Consolidate your search queries into a single JDBC call using a DataAccessObject (DAO) or FastLaneReader (Marinescu/J2EE Blueprints).
·  If your query results are large, however, you may encounter problems when you try loading it all into memory in one hit. If the client paginates the results, consider restricting the number of rows returned to a total closer to your page size. You can always fetch more rows on demand.
·  Use built-in database features that may help reduce query times, such as stored procedures, indexes, views, and table caches.
Caching
·  Within a given user transaction, the same data may be requested multiple times. Try to reduce the number of redundant reads. Either pass the information around as method parameters or consider caching it on the session or thread context. Data that changes infrequently, such as meta data or configuration data, is good for caching. You can load the cache once at startup or on demand.
·  Place your server caches strategically inside your facades to make them transparent to the caller.
Transaction Control
·  Long-lived transactions can lead to connection timeouts, sharp memory increases, and DBMS lock contention. Your session beans control transactions. Break up extremely long-lived transactions into multiple shorter, more-reliable chunks.
·  Chaining together many short-lived transactions can also be slow. Widen your transaction boundaries. Increase throughput and efficiency by manipulating the length of your transaction so it performs many operations at once rather than one at a time.

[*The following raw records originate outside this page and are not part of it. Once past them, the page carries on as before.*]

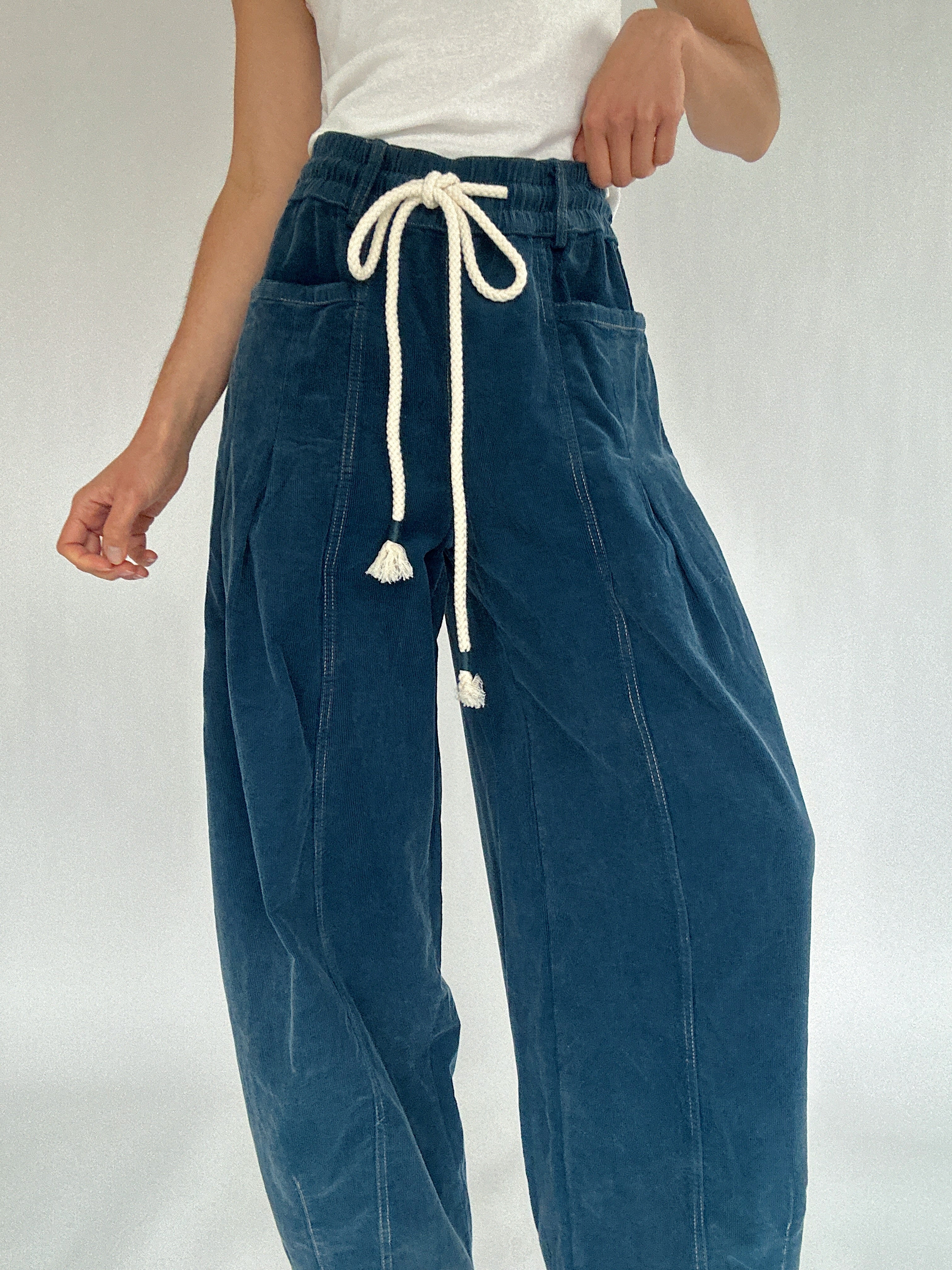 Blue corduroy pants with a white drawstring and side pockets on a plain background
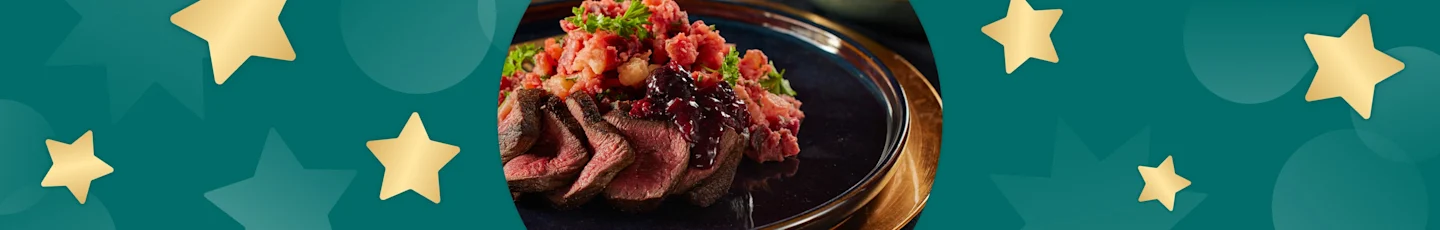 Vleesgerecht voor Kerst van hertenbiefstuk met bosvruchtensaus en biet-peterseliestamppot.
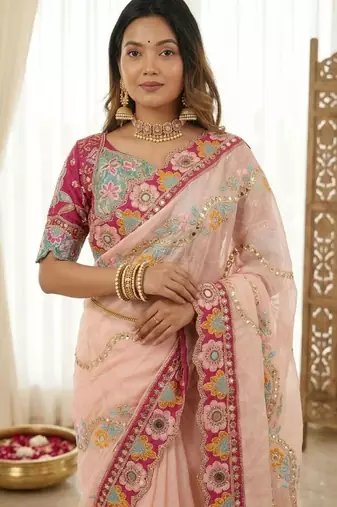 Peach woven design embroidered silk blend fusion saree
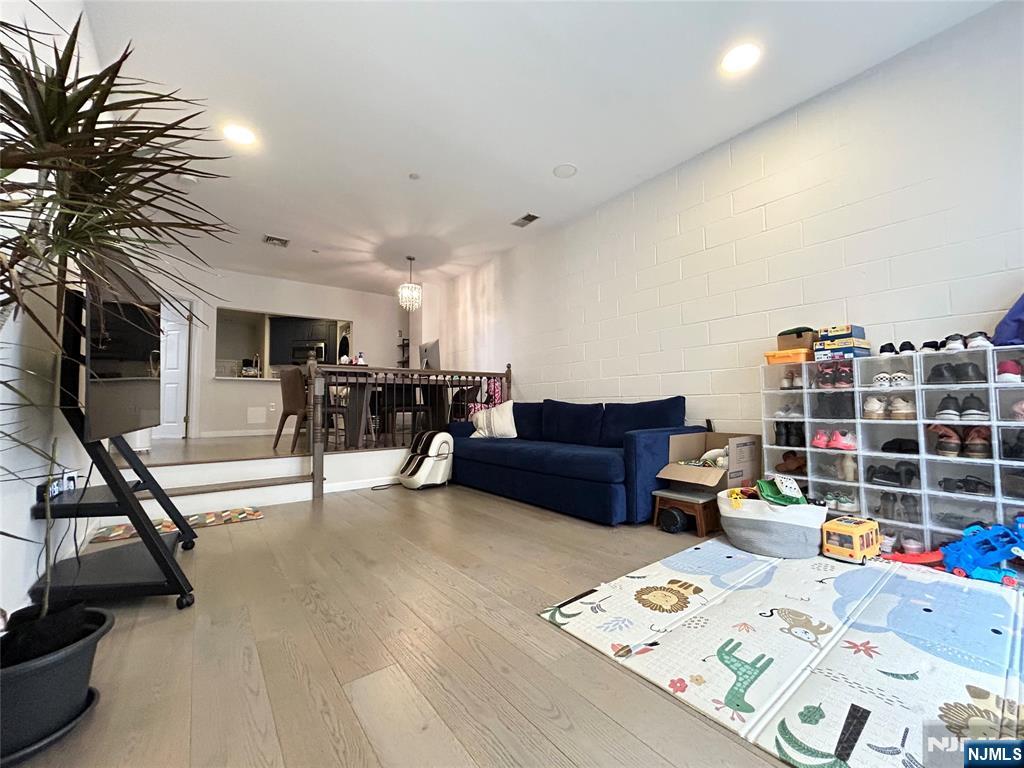 18 Independence Way, Unit J018 Edgewater, NJ 07020 - Photo 15 of 18 a living room with furniture and a flat screen tv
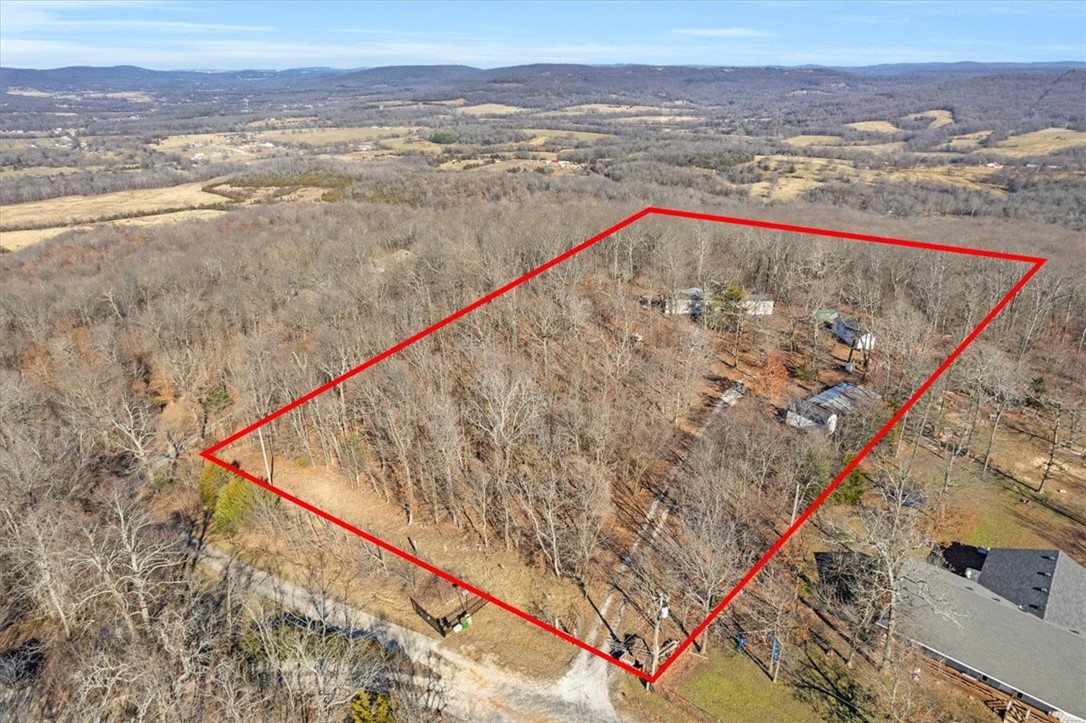 MILLION DOLLAR VIEW. MOUNTAINTOP LIVING. 270 degree panoramic vistas. Pavement all the way til last 3/4 mile. A rare find - both views and flat shelfs on this piece of land for your agricultural and building needs. Build your dream home 25 minutes from Fayetteville Square. 5 acres, no covenants or restrictions. SINGLEWIDE trailer conveys and is live-able while you build the home of your dreams. City water (Washington Water Authority), Ozarks Electric, Ozarks Go, has septic. Everything works. Will require a cash or in-house loan financing. 10 minutes to Harps, Devils Den.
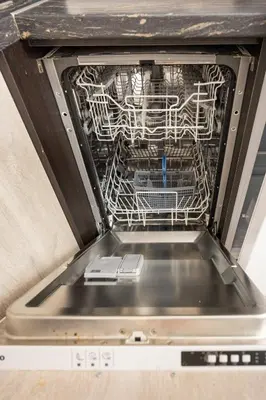 a dishwasher with a rack of dishes in it at Marea 1 in Pomorie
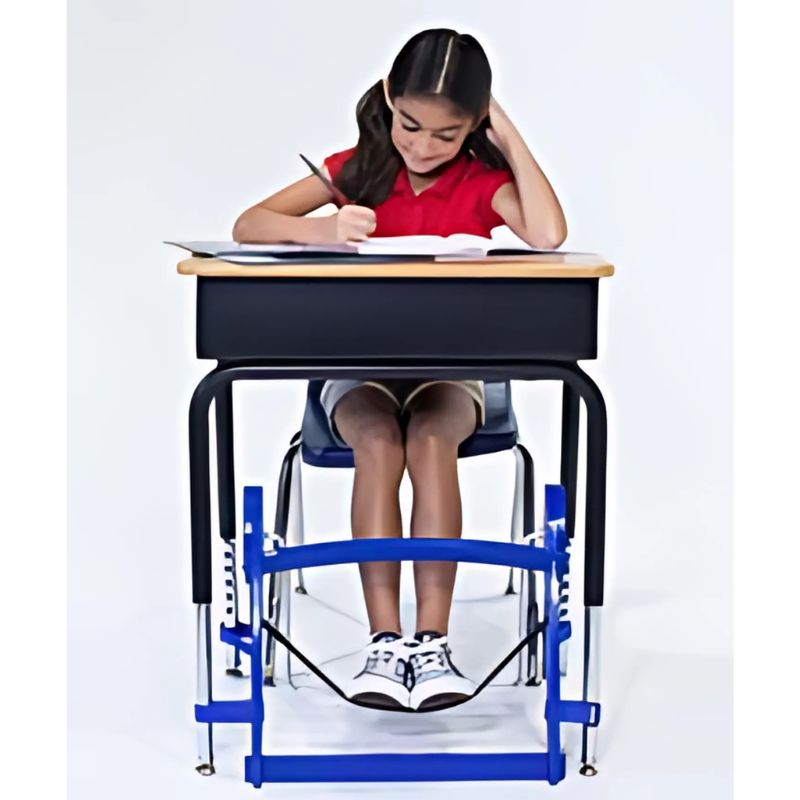 Child using the Kinnebar K100 Foot Swing in blue while studying at a school desk, showing how the under-desk foot swing supports focus during seated tasks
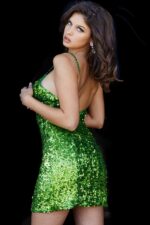 Model in Jovani 22905 green sequin mini dress with shimmering sequins and fitted design.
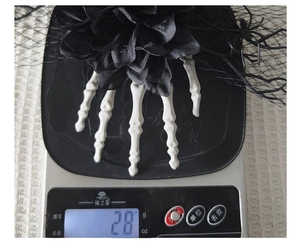 Detailed view of Halloween gothic skeleton hand hair clip with black rose weighing 28g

·  Establish general-purpose session bean controllers to control your transactions. These can be independent of your business logic. Use your beans to adjust the number of records processed in one transaction so that you get optimum throughput for your request.
Threading
·  Batch processes written with EJBs can run very slowly because developers often build single-threaded batch jobs without considering transactions. A process that executes inside one very long-lived transaction (that could take hours or days) is fragile. If something goes wrong, the entire job gets rolled back and you have to start again from scratch. If your job executes as many small transactions chained together inside a loop, then your job will be more reliable. The throughput will be low, however.
·  The container controls server-side threads. Application code cannot create its own threads inside the EJB container, so it cannot take advantage of threading directly. Typically, a container-managed thread pool dispatches and services incoming server requests. This model works well for session-oriented usage. The container load balances across competing requests.
However, for batch processes, the goal is to achieve high throughput so the job finishes as quickly as possible. Parallel processing can aid this. Spawn threads outside the container and divvy up the load into small units of work that are capable of being executed concurrently. Use threads to spread the load. Don't spawn more threads than the server can handle. Keep the number of client threads to fewer than the containers thread pool limit.
·  Aggressive threading can reveal locking issues and non-thread-safe code inside the server. Structure your components so that they are thread-safe and can work concurrently, avoiding DBMS contention. Divide your units of work up so that they operate over different data sets.
Deferred Processing
·  How real-time are your requirements? Not every component has to respond in real-time. If your on-line response time is slow, reduce the amount of work performed during the request and defer expensive or non-essential functions to later. You can store work temporarily in holding tables or execute it asynchronously using JMS.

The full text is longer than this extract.